5A_579/2018: Verzugszins für Unterhaltsbeiträge (Art. 105 OR, amtl. Publ.)

Im vor­liegen­den, zur amtlichen Pub­lika­tion bes­timmten Urteil hat­te sich das Bun­des­gericht mit dem Verzugszins für fam­i­lien­rechtliche Unter­halts­beiträge zu befassen.

Das Oberg­ericht des Kan­tons Bern hat­te den Unter­halts­beitrag, welchen der Beschw­erde­führer an die Beschw­erdegeg­ner­in zu leis­ten hat­te, auf CHF 3’000, „zahlbar monatlich im Voraus“, fest­ge­set­zt.

Das Bun­des­gericht erwog hierzu zunächst, dass das Oberg­ericht damit „nicht nur die Höhe, son­dern auch die Fäl­ligkeit der monatlichen Unter­halts­forderung per Monat­san­fang fest­gelegt“ habe. „Ab diesem Ver­fall­t­ag gerät der Beschw­erde­führer als Schuld­ner bei Nichtleis­tung ohne Weit­eres und ohne Mah­nung seit­ens der Beschw­erdegeg­ner­in in Verzug (Art. 102 Abs. 2 OR). Er hat daher für die Fol­gen der Ver­spä­tung aufzukom­men, wozu bei ein­er Geld­schuld die Verzugszin­sen gehören (Art. 103 und 104 OR).“ (E. 4.1).
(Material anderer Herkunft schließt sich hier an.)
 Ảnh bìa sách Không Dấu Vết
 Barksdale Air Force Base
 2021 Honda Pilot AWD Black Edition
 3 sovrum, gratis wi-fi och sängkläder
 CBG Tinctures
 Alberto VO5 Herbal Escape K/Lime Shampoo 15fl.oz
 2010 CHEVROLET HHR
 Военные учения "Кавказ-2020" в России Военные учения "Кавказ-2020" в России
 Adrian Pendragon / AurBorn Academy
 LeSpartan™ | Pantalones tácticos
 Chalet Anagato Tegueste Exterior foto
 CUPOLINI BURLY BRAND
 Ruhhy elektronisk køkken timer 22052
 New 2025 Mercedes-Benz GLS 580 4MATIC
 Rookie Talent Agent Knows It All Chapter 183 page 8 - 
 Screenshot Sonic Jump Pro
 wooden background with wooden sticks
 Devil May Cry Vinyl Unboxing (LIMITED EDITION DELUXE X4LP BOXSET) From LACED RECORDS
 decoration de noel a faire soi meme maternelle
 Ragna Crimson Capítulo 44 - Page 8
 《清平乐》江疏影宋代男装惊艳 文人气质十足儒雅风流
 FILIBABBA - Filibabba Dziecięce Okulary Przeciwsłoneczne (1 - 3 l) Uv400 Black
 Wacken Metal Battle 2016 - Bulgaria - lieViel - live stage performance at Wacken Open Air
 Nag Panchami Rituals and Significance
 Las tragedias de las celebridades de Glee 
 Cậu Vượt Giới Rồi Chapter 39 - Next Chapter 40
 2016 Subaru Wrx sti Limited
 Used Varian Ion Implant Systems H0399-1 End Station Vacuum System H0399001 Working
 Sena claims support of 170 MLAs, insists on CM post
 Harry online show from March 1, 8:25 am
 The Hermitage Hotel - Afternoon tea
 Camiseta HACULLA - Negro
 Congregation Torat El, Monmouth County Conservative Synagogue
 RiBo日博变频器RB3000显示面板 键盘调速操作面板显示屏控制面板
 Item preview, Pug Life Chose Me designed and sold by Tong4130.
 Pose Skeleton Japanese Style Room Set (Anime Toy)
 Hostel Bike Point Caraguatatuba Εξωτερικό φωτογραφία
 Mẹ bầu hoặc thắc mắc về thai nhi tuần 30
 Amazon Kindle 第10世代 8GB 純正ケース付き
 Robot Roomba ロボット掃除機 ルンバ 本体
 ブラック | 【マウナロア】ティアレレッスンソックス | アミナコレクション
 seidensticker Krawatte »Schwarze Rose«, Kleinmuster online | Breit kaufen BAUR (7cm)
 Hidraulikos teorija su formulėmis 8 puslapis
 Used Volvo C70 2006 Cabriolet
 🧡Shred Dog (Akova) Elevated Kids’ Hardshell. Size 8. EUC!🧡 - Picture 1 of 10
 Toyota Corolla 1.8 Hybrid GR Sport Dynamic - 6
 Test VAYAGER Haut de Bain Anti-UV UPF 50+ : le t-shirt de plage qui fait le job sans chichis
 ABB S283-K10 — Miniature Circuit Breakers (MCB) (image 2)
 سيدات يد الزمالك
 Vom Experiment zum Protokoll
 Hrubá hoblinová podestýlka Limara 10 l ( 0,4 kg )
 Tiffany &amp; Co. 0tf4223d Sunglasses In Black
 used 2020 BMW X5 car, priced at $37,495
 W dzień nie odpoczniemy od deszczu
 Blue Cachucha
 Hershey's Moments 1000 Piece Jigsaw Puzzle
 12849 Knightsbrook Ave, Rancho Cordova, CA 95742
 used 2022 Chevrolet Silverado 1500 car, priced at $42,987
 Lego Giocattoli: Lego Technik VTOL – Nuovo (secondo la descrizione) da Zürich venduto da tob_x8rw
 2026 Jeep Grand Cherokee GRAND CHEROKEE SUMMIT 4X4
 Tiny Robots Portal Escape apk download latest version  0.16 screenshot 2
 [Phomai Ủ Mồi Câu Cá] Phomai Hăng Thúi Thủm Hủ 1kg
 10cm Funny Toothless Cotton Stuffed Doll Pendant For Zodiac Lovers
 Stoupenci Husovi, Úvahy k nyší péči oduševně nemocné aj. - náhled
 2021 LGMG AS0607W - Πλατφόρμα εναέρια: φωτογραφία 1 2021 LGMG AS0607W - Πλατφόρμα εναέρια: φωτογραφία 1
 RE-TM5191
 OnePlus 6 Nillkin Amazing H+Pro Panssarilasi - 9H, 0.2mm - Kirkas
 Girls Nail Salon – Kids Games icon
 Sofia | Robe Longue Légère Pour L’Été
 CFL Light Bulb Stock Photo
Umstrit­ten war nun, ab wann der Beschw­erde­führer Verzugszin­sen schuldet, denn ein Schuld­ner, der mit der Zahlung von Zin­sen oder Renten oder ein­er geschenk­ten Summe im Verzug ist, hat bekan­ntlich erst vom Tag der Anhebung der Betrei­bung oder der gerichtlichen Klage an Verzugszinse zu bezahlen (Art. 105 Abs. 1 OR). Ob fam­i­lien­rechtliche Unter­halts­beiträge unter den Begriff der „Renten“ fall­en, war jedoch nicht rest­los gek­lärt (E. 4.4.).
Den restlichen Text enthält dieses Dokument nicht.